The Proximity Principle: Don’t Ask, Attract, Your Dream Boss
Not long ago, someone approached me for a job opportunity, and regrettably, I had to decline. I’ve come to realize that when someone reaches out and says, “Hey, I admire you — let me work with you,” it can be flattering. However, more often than not, it leads to disappointment or even severe consequences.
You see, my background isn’t rooted in the corporate world. I didn’t hire people — I simply did my job well. So when I was given the chance to hire, I saw it as an opportunity to assist those who sought my help. But experience has taught me that when people have to ask for help, they may never fully appreciate it. In fact, they might even grow to resent you, as they joined your team during a vulnerable moment in their lives, which creates an unbreakable connection.

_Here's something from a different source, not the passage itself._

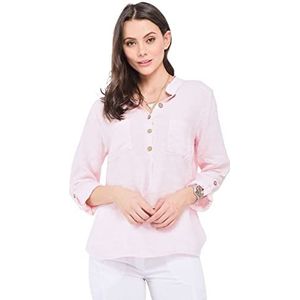 Bonateks Dames tuniek top 100% linnen gemaakt in Italië, blouse met Tunesische kraag met knoopsluiting en zakken aan de voorkant, roze, maat: M, Roze, M
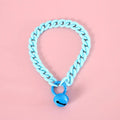 Adjustable plastic pet collar in macaron candy colours of blue, pink, and mixed chain for cats, dogs, or rabbits.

Yet, I do provide job opportunities. When I notice someone excelling at their work — despite facing challenges — I make a point to approach them. I’m confident that I’m the kind of leader people want to work with; my systems are effective, and my team is exceptional. I hire individuals who can directly support my team because I’ve witnessed their capabilities and believe they can achieve more when presented with the right opportunity.

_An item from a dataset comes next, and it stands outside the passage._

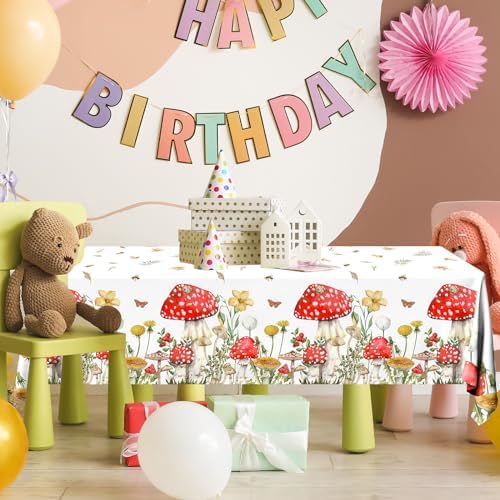 Juweked 3Pcs Mushroom Tablecloth Rectangles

I understand the paradox: if you don’t know me or showcase your talents in front of me, how can you join my team? Regrettably, as my father puts it, you have to “pay your dues.” Invest in something sustainable and position yourself around the people you aspire to work with. When you’re prepared to be seen, they’ll notice you. But you must earn it.
People often emphasize the importance of hard work, polished resumes, and job tenure. However, I beg to differ. Proximity plays a crucial role. The person who recommends you, the one who introduces you to your dream boss — that individual is your gateway. People attend Ivy League institutions and participate in $10,000 charity events to gain proximity to opportunities.
Embrace the game and play it wisely.